(Items from a data source)

--------------------------------

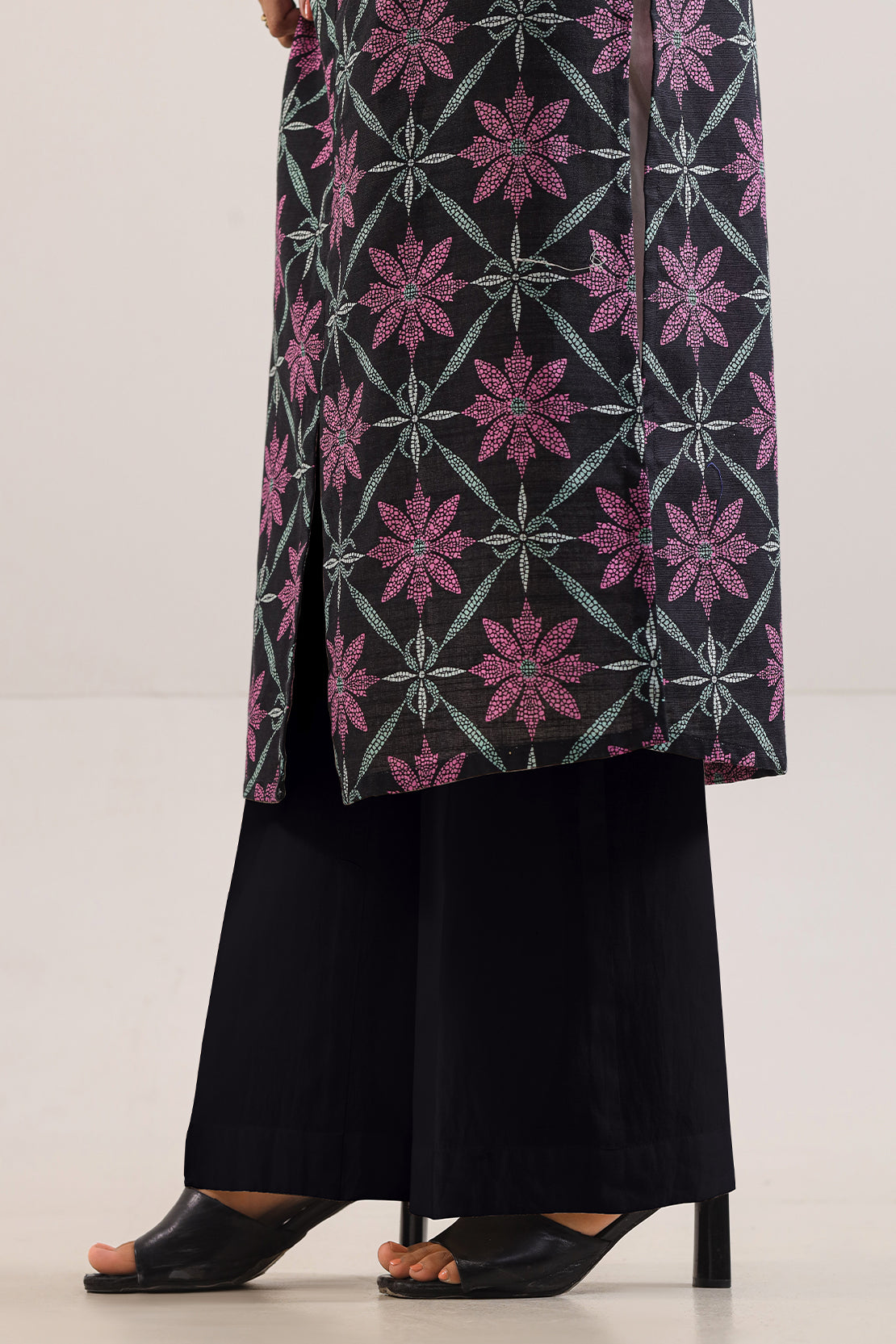 Unstitched Printed Cotton Khaddar 3 Piece114107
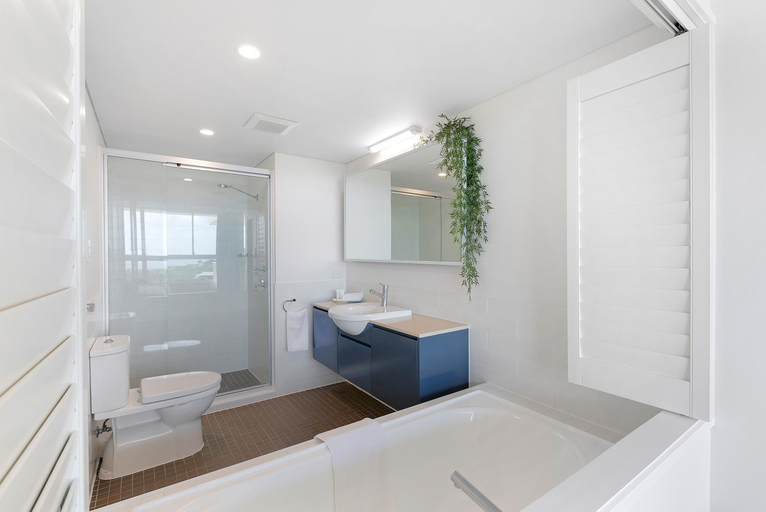 Bathroom 2, Azure Sea Whitsunday Resort, Whitsunday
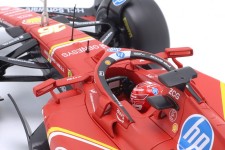 FERRARI SF24 Formula 1 2024 Charles Leclerc - Bburago Escala 1:18 (16815L)
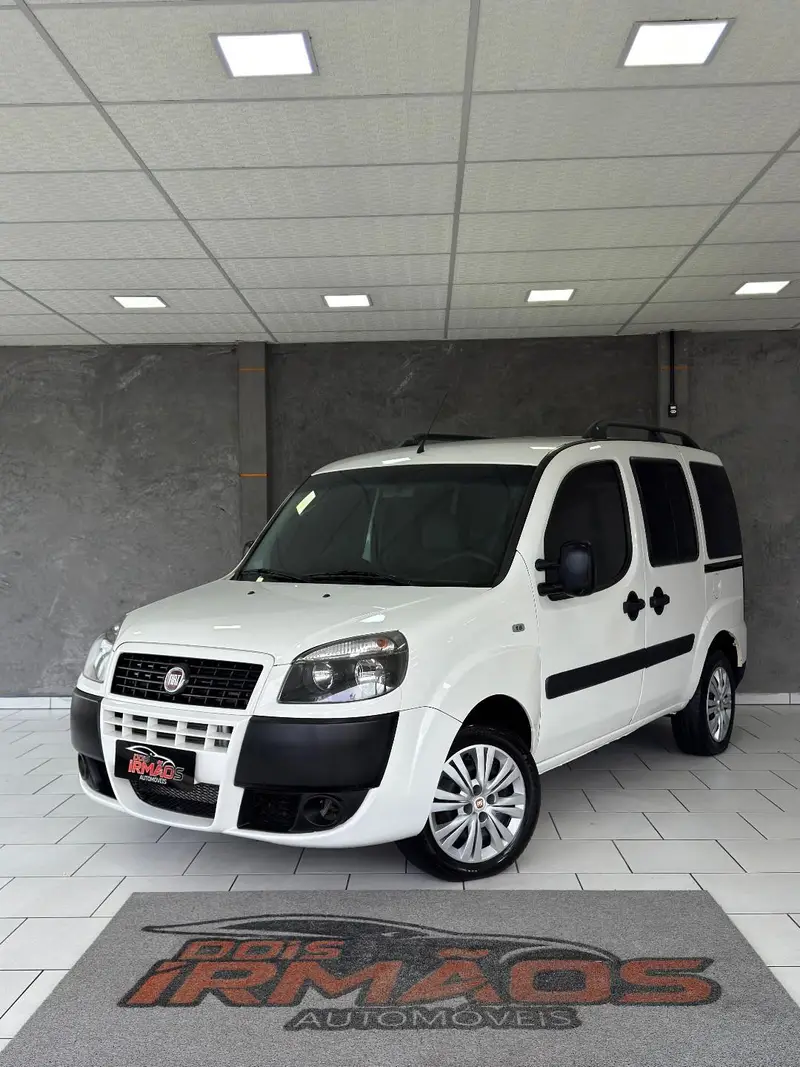 Fiat Doblò Essence 1.8 16V (Flex)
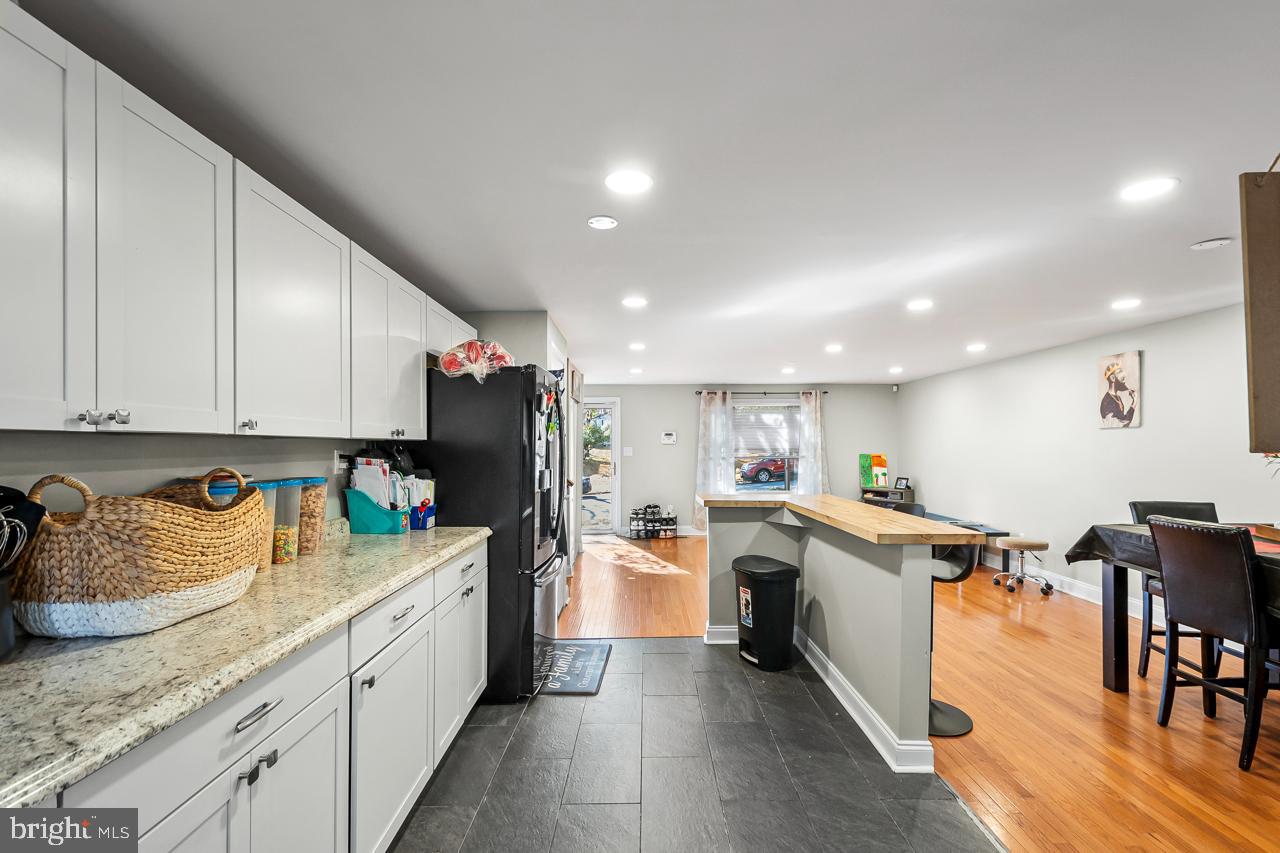 CONNEMARA HILLS - Residential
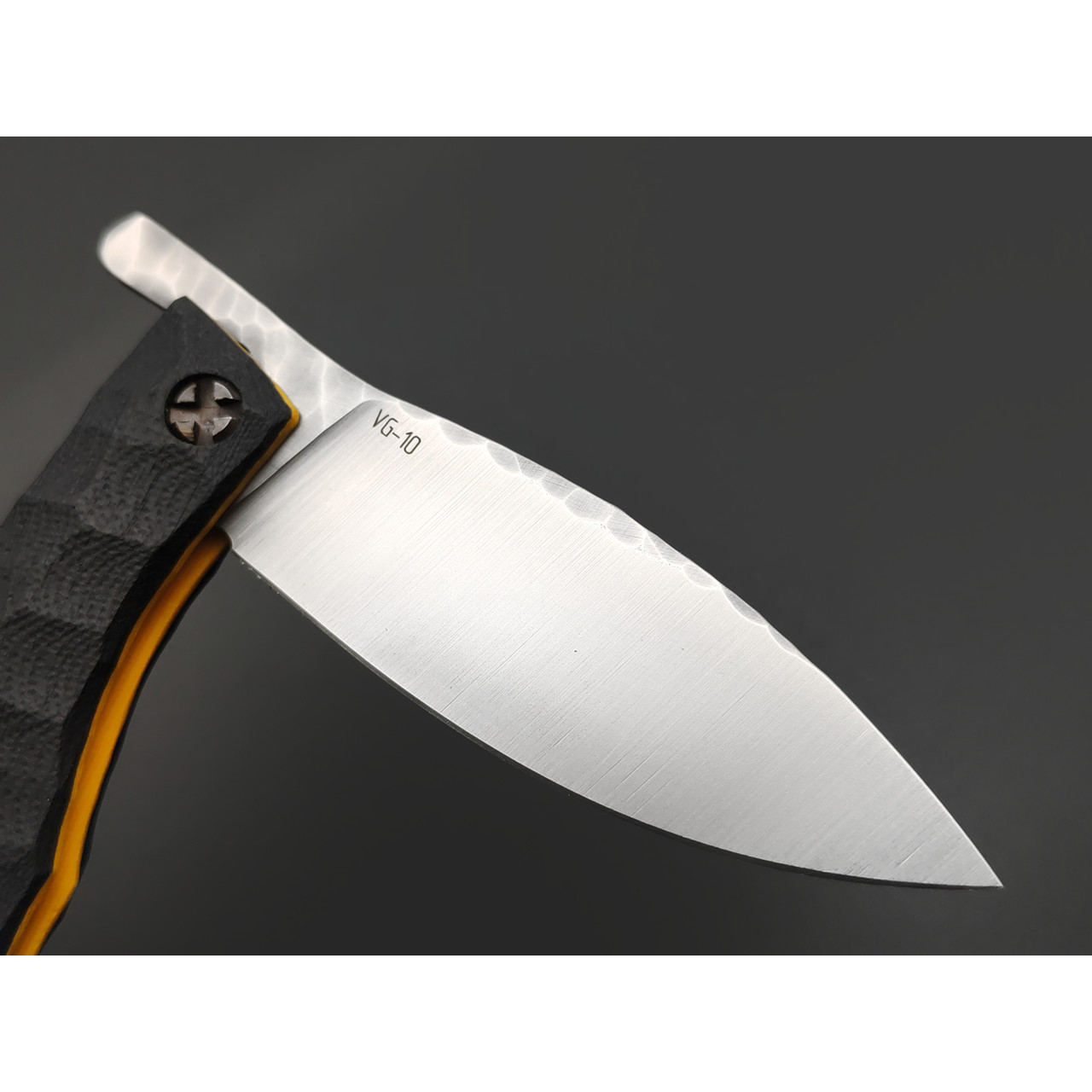 Андрей Кулаков фрикционный нож Канадец KUL0209 сталь VG-10 satin, рукоять G10 black & yellow
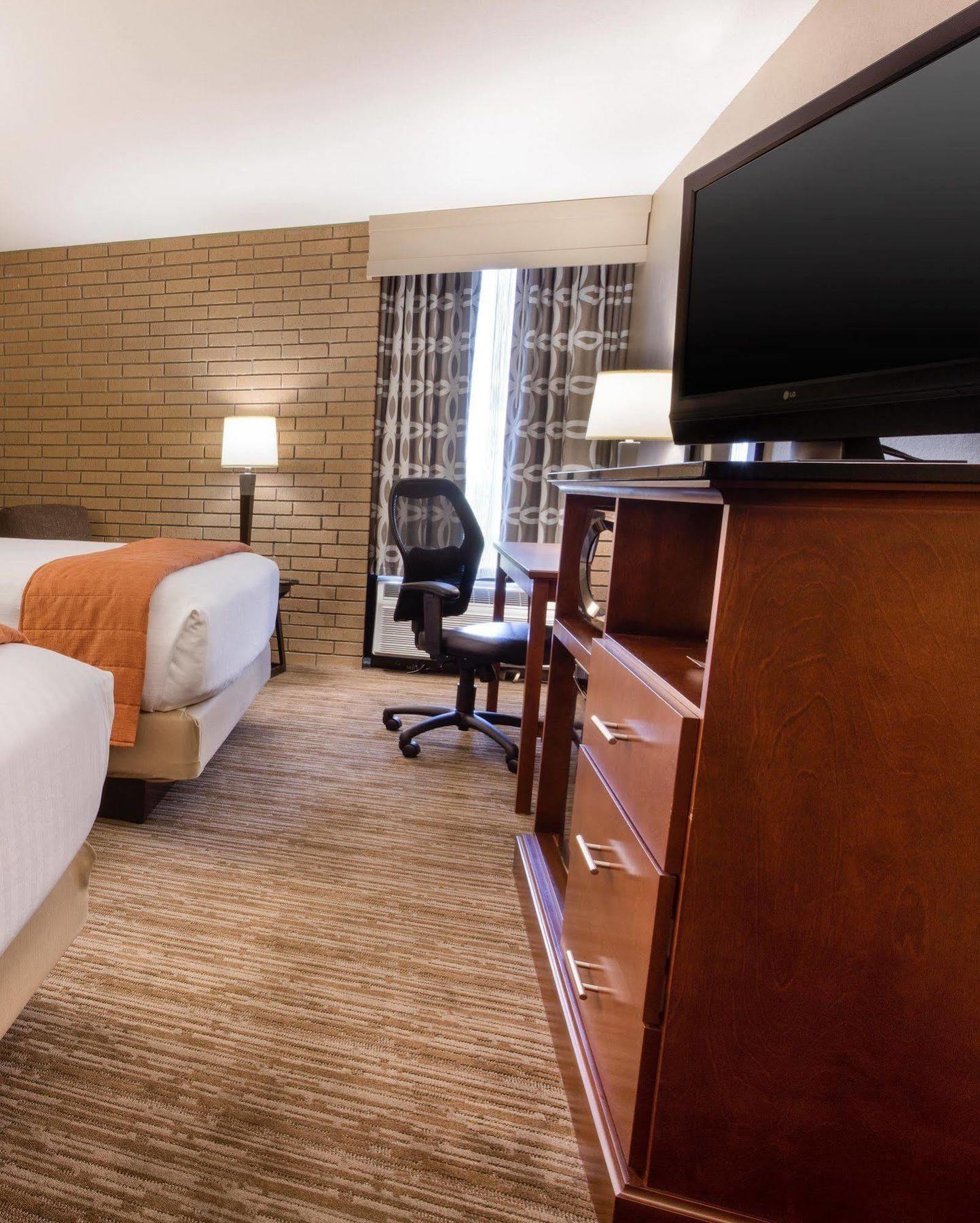 Drury Inn & Suites Kansas City Airport מראה חיצוני תמונה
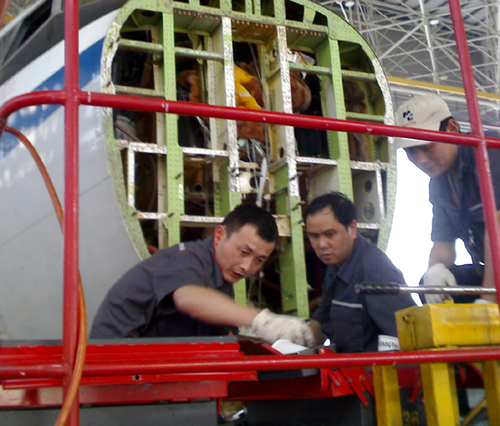 国航成都维修基地川渝机务小组团结协作保运力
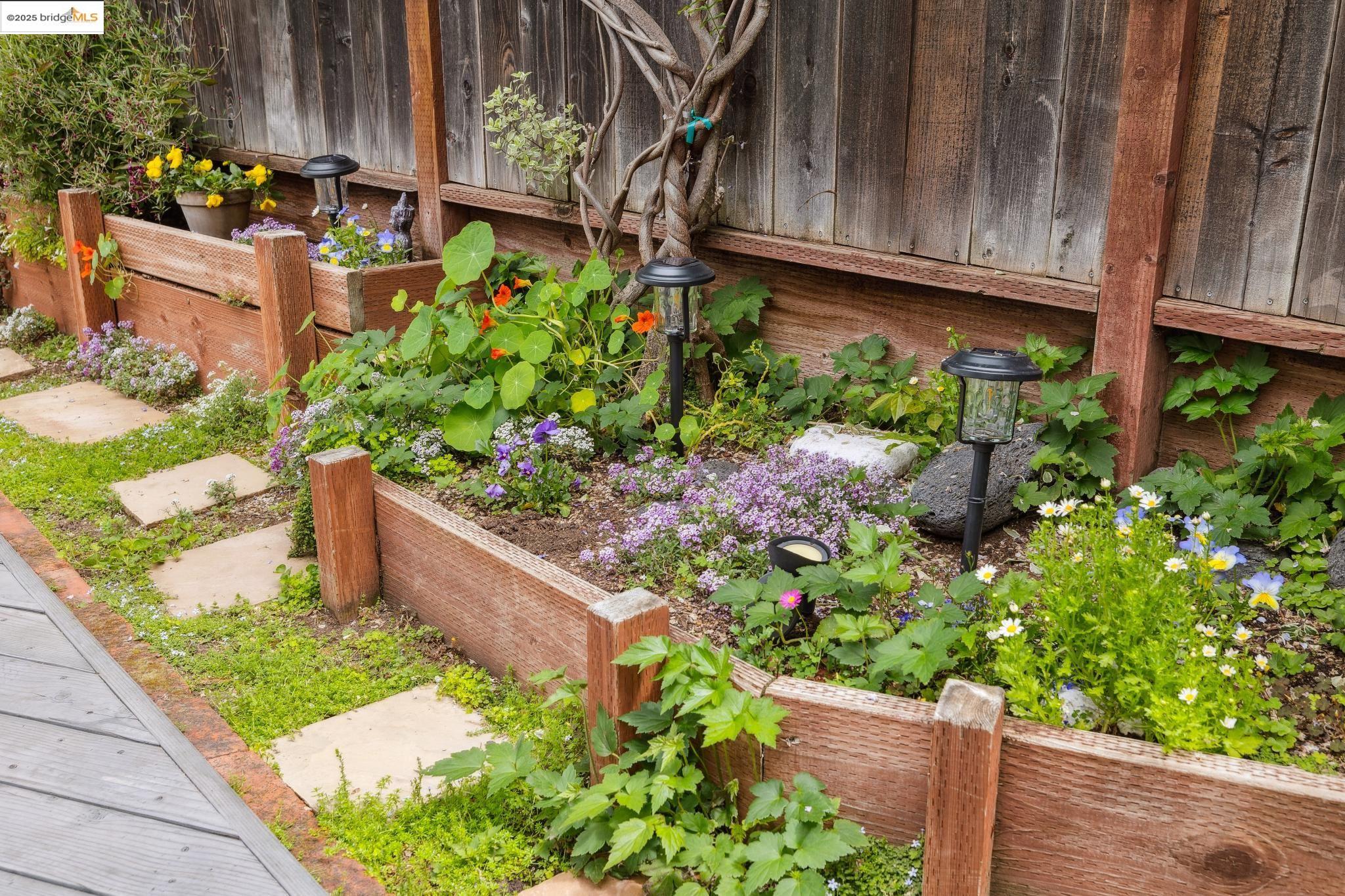 927 Santa Barbara Rd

--------------------------------

THE PROBLEM = From the first line of the entries down to the line with "CONNEMARA HILLS - Residential", print each line exactly; omit any picture.

COMPLETED EXERCISE =
 Unstitched Printed Cotton Khaddar 3 Piece114107
 Bathroom 2, Azure Sea Whitsunday Resort, Whitsunday
 FERRARI SF24 Formula 1 2024 Charles Leclerc - Bburago Escala 1:18 (16815L)
 Fiat Doblò Essence 1.8 16V (Flex)
 CONNEMARA HILLS - Residential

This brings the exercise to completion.